Le 1er décembre, s’est tenue, à Paris, la traditionnelle marche pour la Journée mondiale de lutte contre le sida. Seronet y était et en profite, au passage, pour revenir sur quelques infos importantes qui ont jalonné cette journée si particulière… pour qui s’intéresse à ce combat.

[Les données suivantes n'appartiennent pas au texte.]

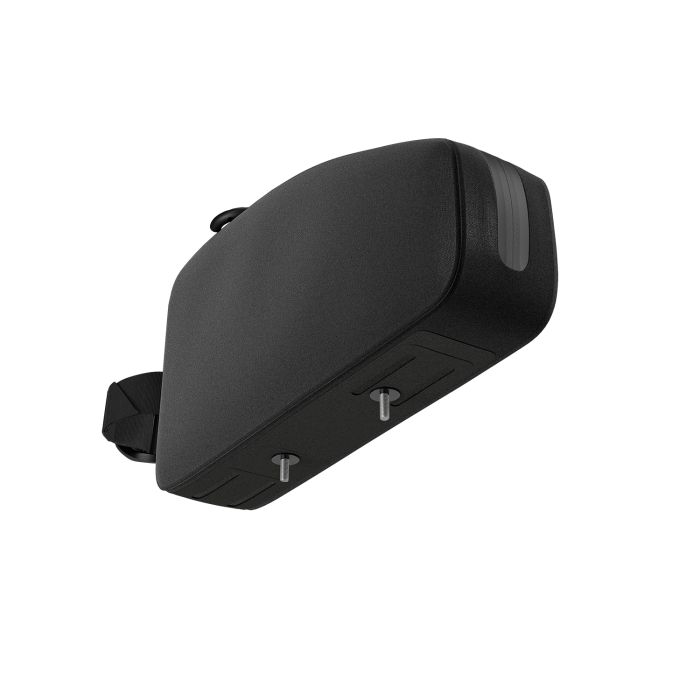 Sacoche de tube supérieur Brooks Scape avec boulons (0,9 l) - noir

"Sida, c’est quand qu’on guérit ?" Pour la manifestation du1erdécembre à Paris, Act Up-Paris, organisateur de l’événement, avait choisi un curieux slogan ; pas suffisamment tranchant pour donner la pleine mesure de l’impatience qu’on trouve — enfin — LA solution thérapeutique à cette maladie ; un poil enfantin ; nettement en deçà de la force, réelle, de l’appel à manifester publié à cette occasion. Mais bon, il était manifestement dans l’air du temps puisque le "Figaro" avait choisi comme sujet de sondage le même thème. Sur le site du quotidien, on demandait ainsi aux lectrices et lecteurs de répondre par oui ou non à cette question : "Pensez-vous qu’on pourra un jour guérir du sida ?". Un peu comme on pourrait demander : "Pensez-vous un jour que l’être humain ira sur Mars ?"

Résultat ? Suspens. Les votes étaient encore ouverts le 2 décembre…

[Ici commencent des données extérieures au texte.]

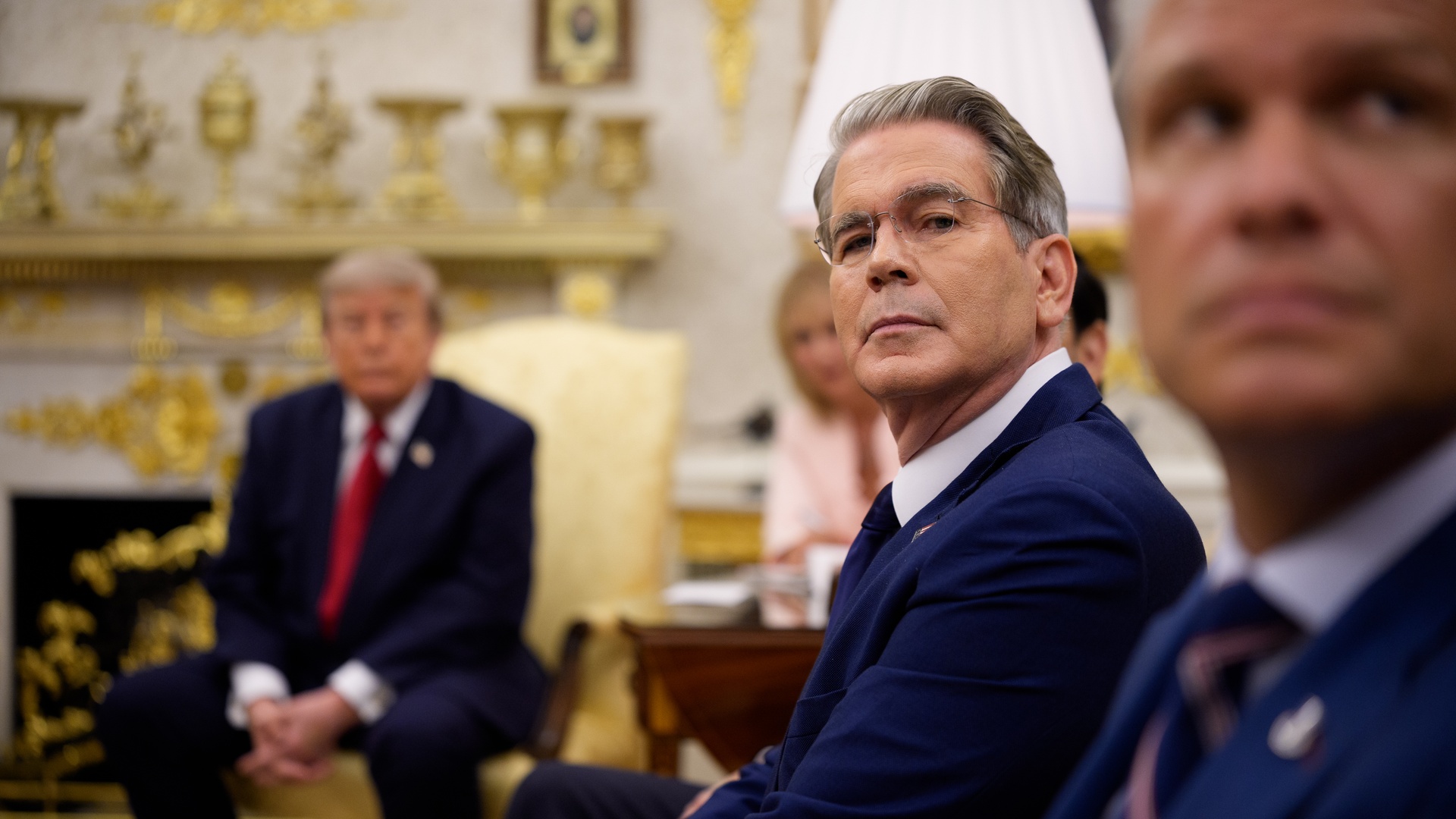 Video thumbnail for Bessent to unveil ‘toughest sanctions in history’ against Iran in Monday news conference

La relative faiblesse du slogan 2017 n’a pas joué sur la mobilisation à une manifestation qui tient toujours bon malgré des conditions climatiques assez pénibles — question de saison. Quelle idée d’arpenter les rues, parfois de s’y coucher, début décembre, dans le froid, l’humidité… du moins sous nos latitudes ? La grande manifestation parisienne (quelques centaines de personnes) avait pour point de ralliement… et de départ, la place de la République. Objectif du parcours ? Une arrivée à la halle des Blancs-Manteaux où Act Up-Paris organisait (1eret 2 décembre) la première "Fight aids Paris Week", un événement militant et politique avec ateliers, commémorations, débats, stands associatifs… sur les enjeux de la lutte contre le sida. Pour son édition 2017, la marche a emprunté, une nouvelle fois, les rues du Marais (rues du Temple, Turbigo, Beaubourg, Renard, Verrerie, Archives, Francs Bourgeois et Vieille-du-temple). Comme un défilé mobilisateur et un pèlerinage commémoratif au cœur d’un quartier connu comme celui d’un des groupes les plus exposés au risque d’infection…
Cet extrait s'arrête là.